Importante líder comunitária da Vila Pinto, na zona leste de Porto Alegre, Marli Aires Medeiros morreu na manhã desta quinta-feira (7), aos 65 anos, em casa, na Capital. Ela lutava contra um câncer no pâncreas havia oito meses.
Natural de Alegrete, Marli trocou o emprego como bancária no município da Fronteira Oeste em 1975 pelo trabalho como zeladora em um prédio no bairro Bom Fim, ao lado do marido. Na década de 1980, mudou-se para a Vila Pinto quando soube de um programa de habitação popular. Tinha início uma trajetória de intensa dedicação à comunidade.
— A primeira coisa que ela nos dizia antes de qualquer ensinamento era que a média das nossas conquistas nunca poderia ser o dinheiro, mas sim as pessoas que a gente conhece, que nos dão carinho, visão de mundo e amor — disse o neto Luiz Henrique, 26 anos.
Uma de suas primeiras iniciativas foi fundada nos anos 1990: o Clube das Mulheres. Marli comandava reuniões semanais entre mulheres que eram fiscalizadas de perto por traficantes. A estratégia para afastá-los era curiosa.
– A gente falava só de menstruação, de “placenta colada” e coisas do tipo até que um homem convidava o outro para fumar um cigarro e não voltavam mais. Aí, sim, a gente descobria quem havia expulsado quem de casa, quem havia sido espancada pelo marido, o filho de quem estava se envolvendo com bandido – contou à Revista Donna em 2017.
Reconhecida por estar sempre buscando investimentos para a região, Marli foi uma das primeiras líderes comunitárias a circular com desenvoltura pelo sistema de participação popular na destinação das verbas municipais, o chamado Orçamento Participativo.
Em 1993, participou por oito meses de um curso, ministrado pela ONG Themis, que promove assessoria jurídica e estudos de gênero. Marli se tornou então uma “promotora legal popular”, cargo criado por diferentes ONGs da América Latina para multiplicar em comunidades pobres o conhecimento de seus direitos.
Entre as muitas conquistas da líder comunitária, estão a criação do Centro Cultural James Kulisz, em 2002, a escola Vovó Belinha, de 2008, e o Centro de Triagem da Vila Pinto, construído em 1996.
Considerado uma das principais iniciativas encabeçadas por Marli, o centro de triagem teve o seu projeto entregue pessoalmente por ela ao então prefeito de Porto Alegre, Tarso Genro (PT).

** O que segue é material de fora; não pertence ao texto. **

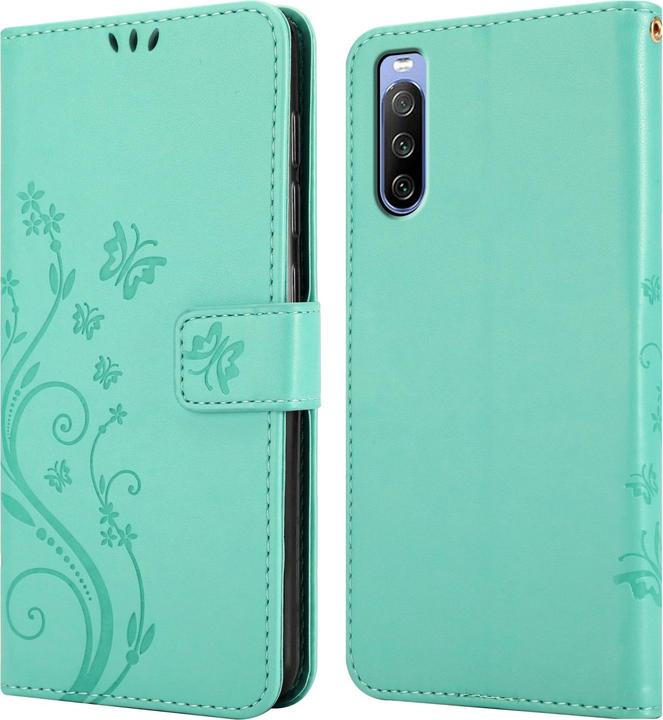 Actual product image Cadorabo Flower Book cover (Sony Xperia 10 III)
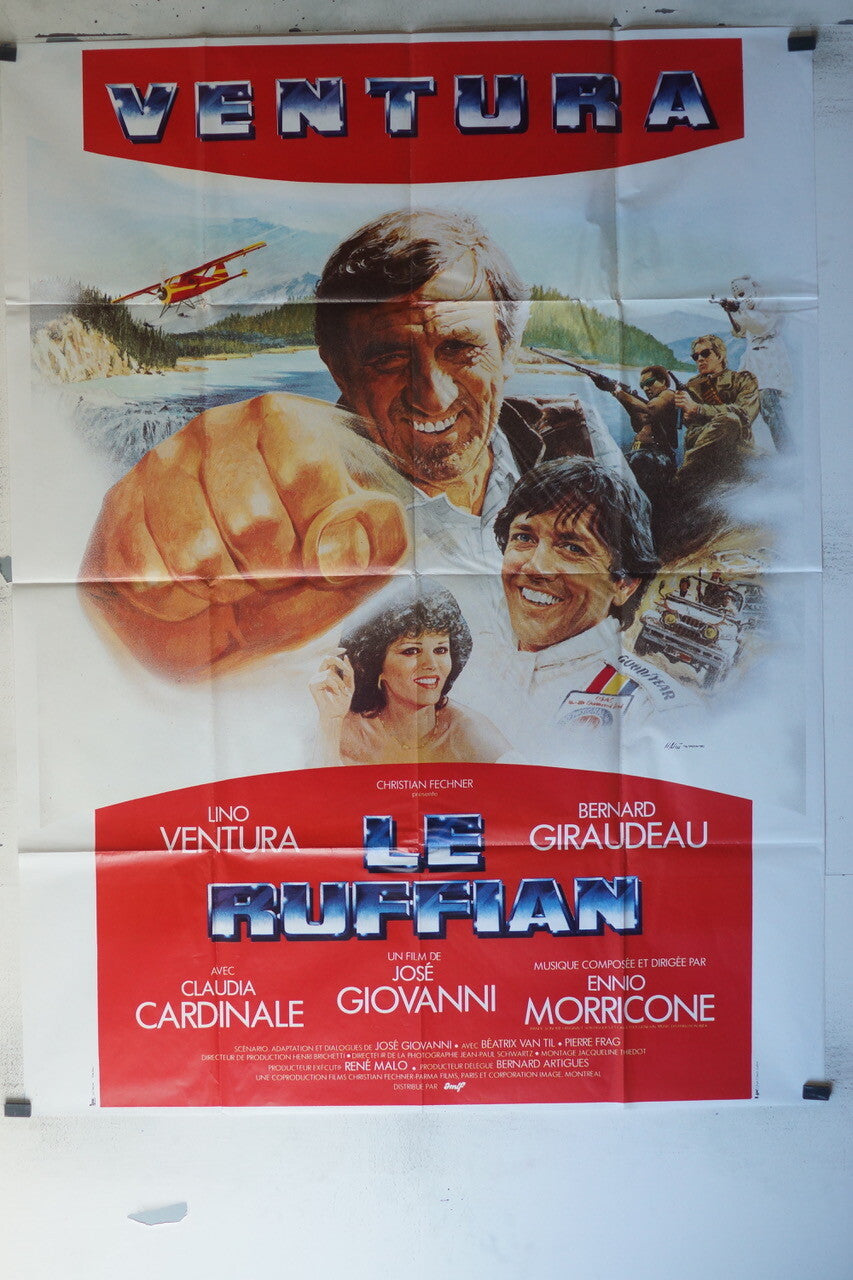 RUFFIAN (LE) MOVIE POSTER ORIGINAL 120x160 Lino Ventura , Bernard Giraudeau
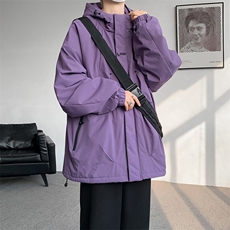 8XL-M冲锋衣外套男加棉加厚夹克秋冬户外登山服JK1313厚P100控118，男装夹克，电商D206-1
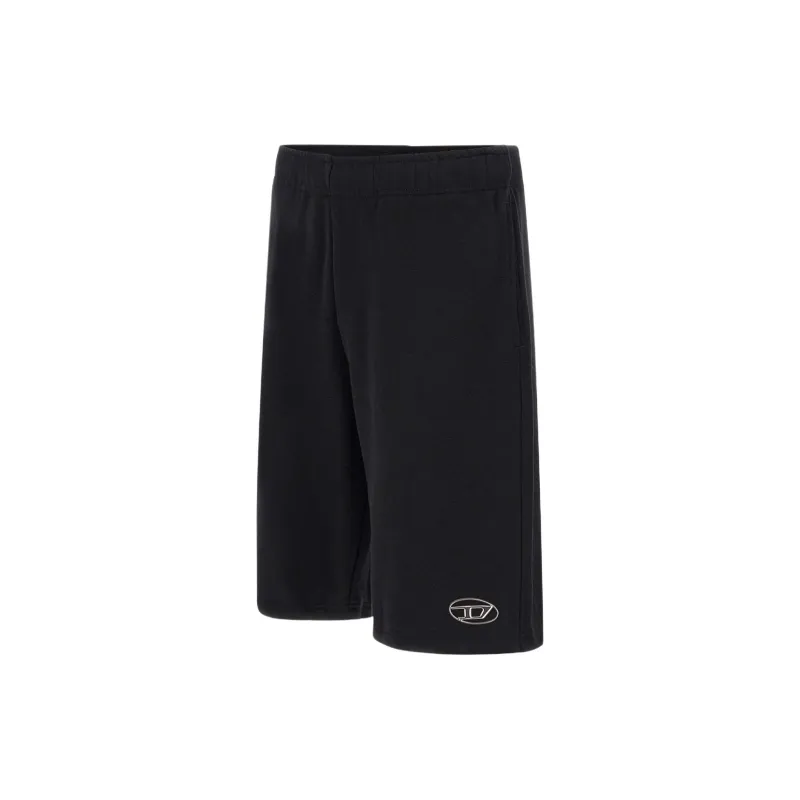 DIESEL P-Marshy-OD Logo Plaque Sweat Shorts-2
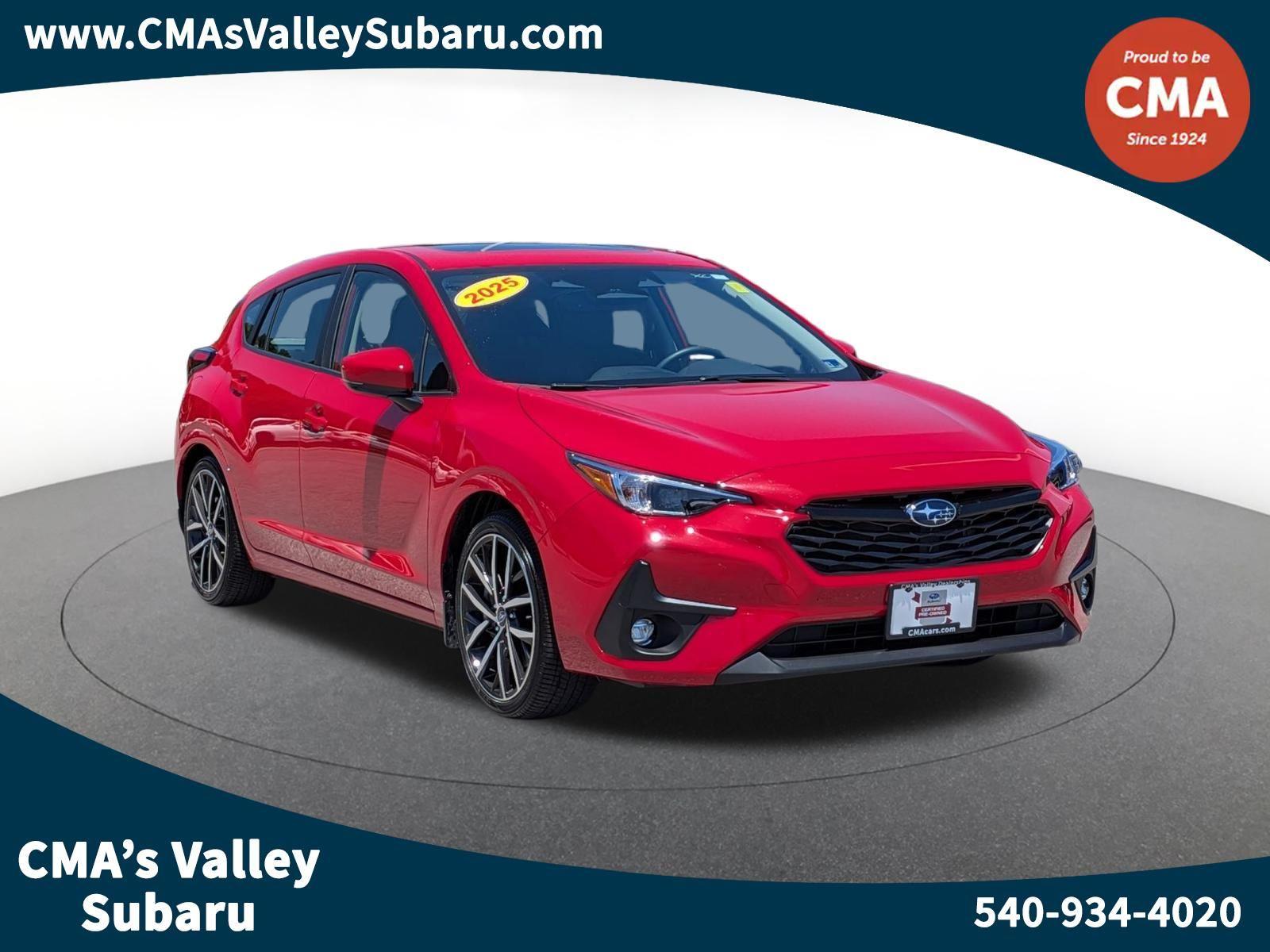 Pure Red 2025 Subaru Impreza Wagon All-Wheel Drive Continuously Variable Transmission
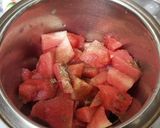 A picture of step 3 of Watermelon smoothie.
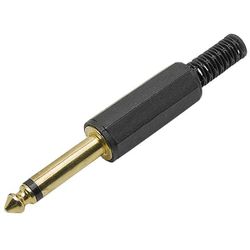 Plug P10 MONO Plastico - Eletrônica Faria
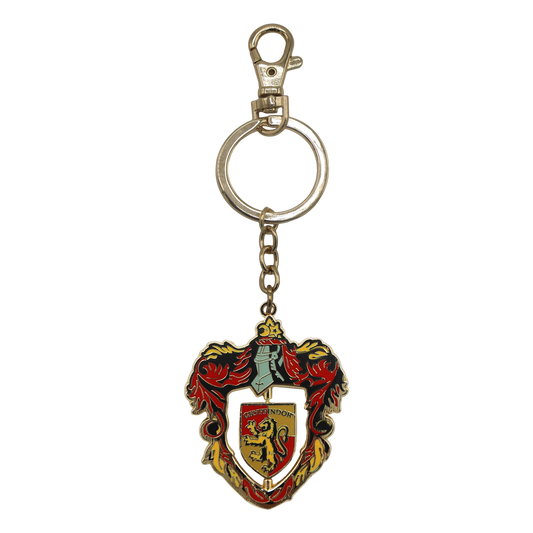 Keychain with a Gryffindor crest design on a white background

Marli fiscalizou a implantação até o final.
Em entrevista à Revista Donna, a líder comunitária disse que "se orgulha de ter cumprido as metas ambientais e sociais do projeto para 20 anos em menos de 10. Com um diferencial importantíssimo. Hoje, o local processa mais de 130 toneladas de lixo para reciclagem ao mês e remunera por volta de 45 associadas.
Em 2016, Marli recebeu na Câmara Municipal o título de Cidadã de Porto Alegre. Mais um prêmio marcado pela dedicação ao outro e a valorização das mulheres.
Ela será velada na noite de desta quinta-feira, às 20h, no Cemitério Jardim da Paz, em Porto Alegre. O sepultamento será nesta sexta-feira (8), às 14h, no mesmo local.
Marli deixa o marido, Antônio Geremias Braga, os filhos Ana Cristina, Ana Regina, Ana Paula, Ana Gabriela e João Romário e oito netos (Luiz Henrique, Dimitre, Cristian, Marina, João Vitor, Caio, Guilherme, Gabriel e Arthur).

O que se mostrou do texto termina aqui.